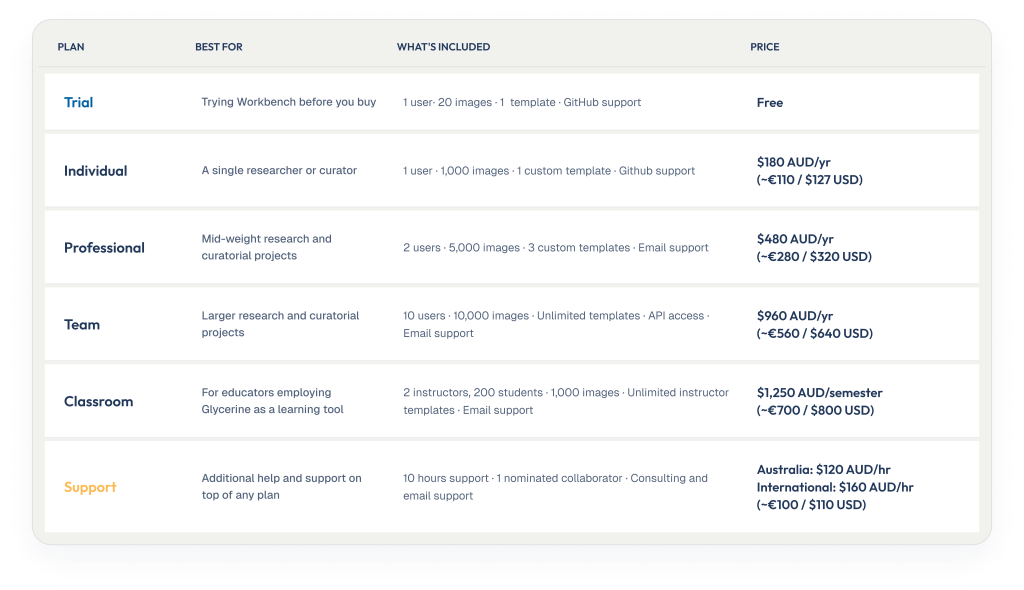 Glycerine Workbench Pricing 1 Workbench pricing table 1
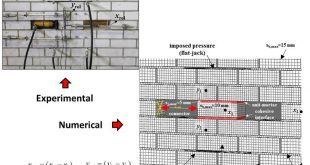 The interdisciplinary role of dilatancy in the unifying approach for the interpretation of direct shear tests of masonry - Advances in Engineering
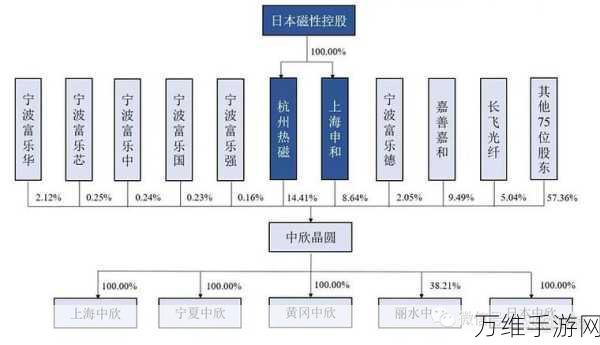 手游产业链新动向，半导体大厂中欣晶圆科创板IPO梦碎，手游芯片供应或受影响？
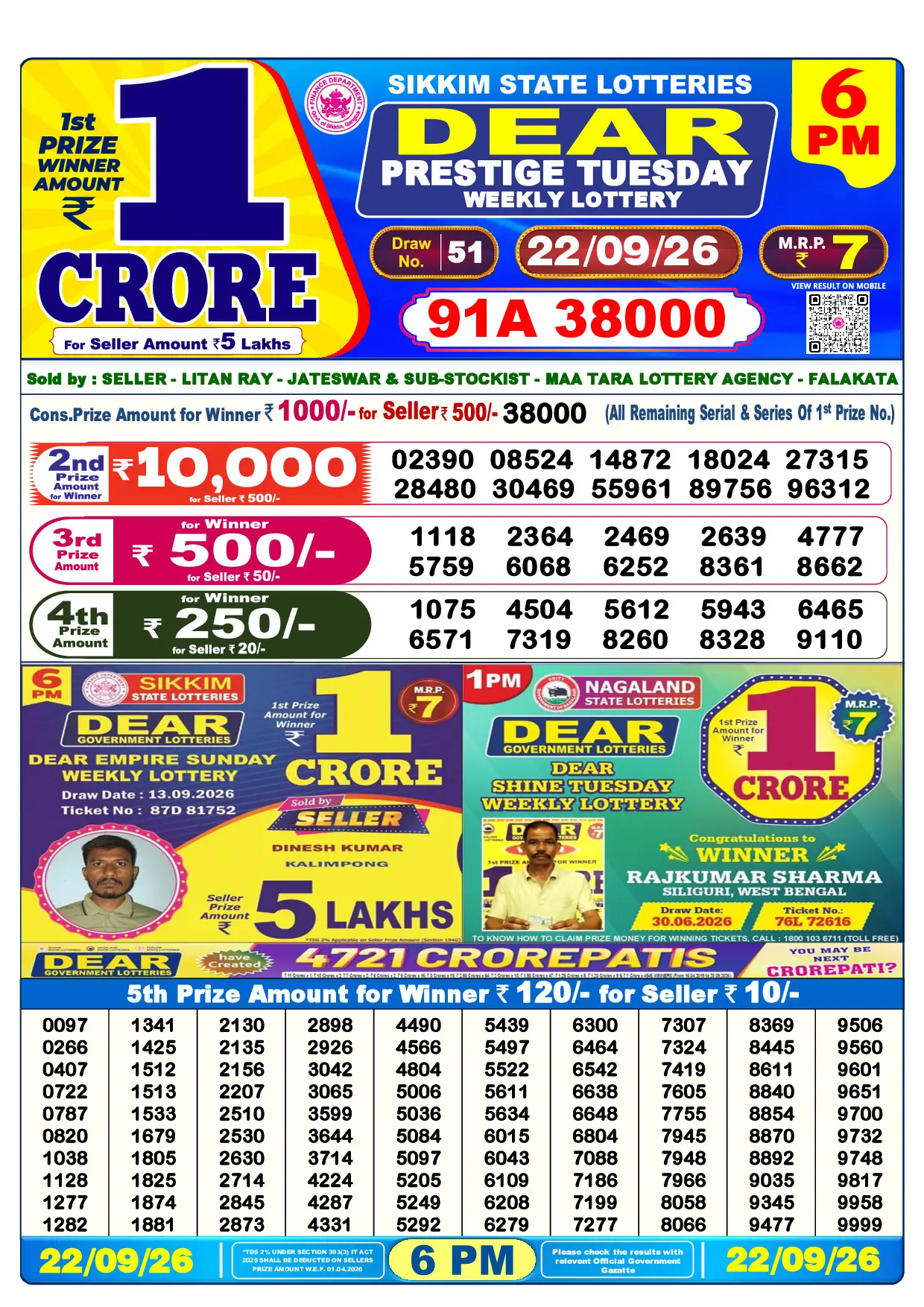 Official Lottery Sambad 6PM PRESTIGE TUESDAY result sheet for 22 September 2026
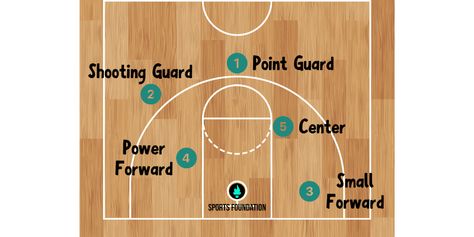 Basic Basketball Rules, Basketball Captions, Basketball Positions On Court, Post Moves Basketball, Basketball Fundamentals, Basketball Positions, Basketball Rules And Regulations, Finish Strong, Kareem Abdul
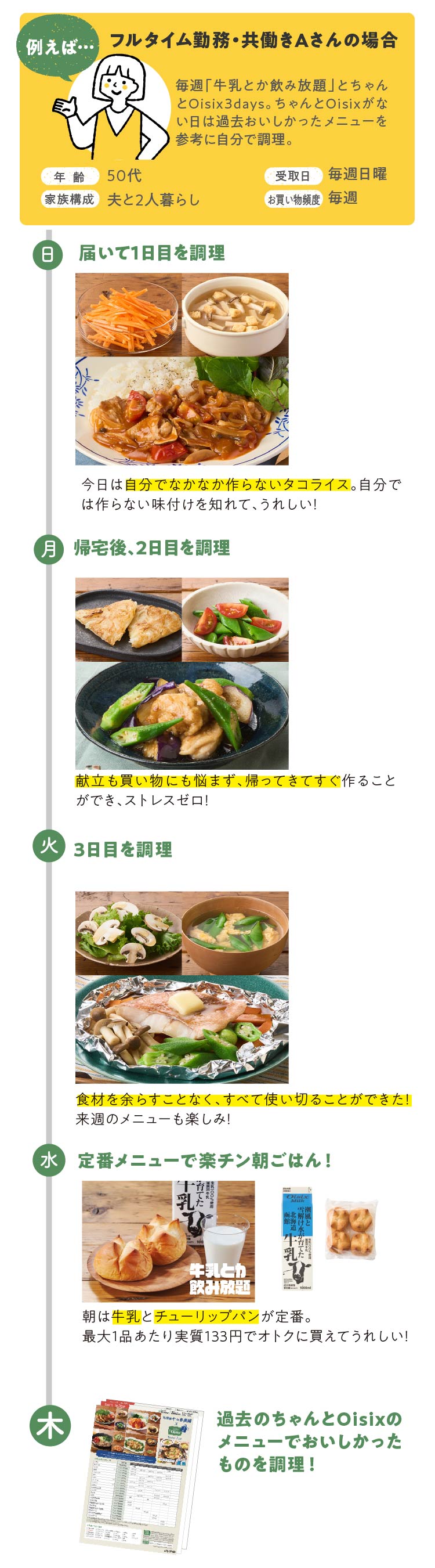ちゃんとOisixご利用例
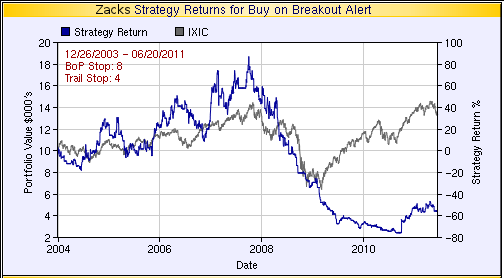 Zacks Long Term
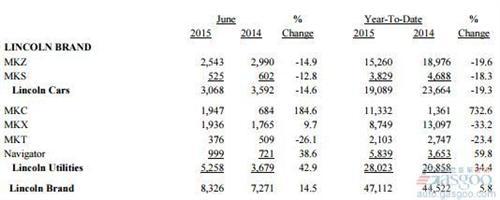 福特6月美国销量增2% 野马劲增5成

### The problem
Having located the line with "ちゃんとOisixご利用例", transcribe exactly and only the lines from it to the final line of the material, skipping the pictures.

### Response below
ちゃんとOisixご利用例
 Zacks Long Term
 福特6月美国销量增2% 野马劲增5成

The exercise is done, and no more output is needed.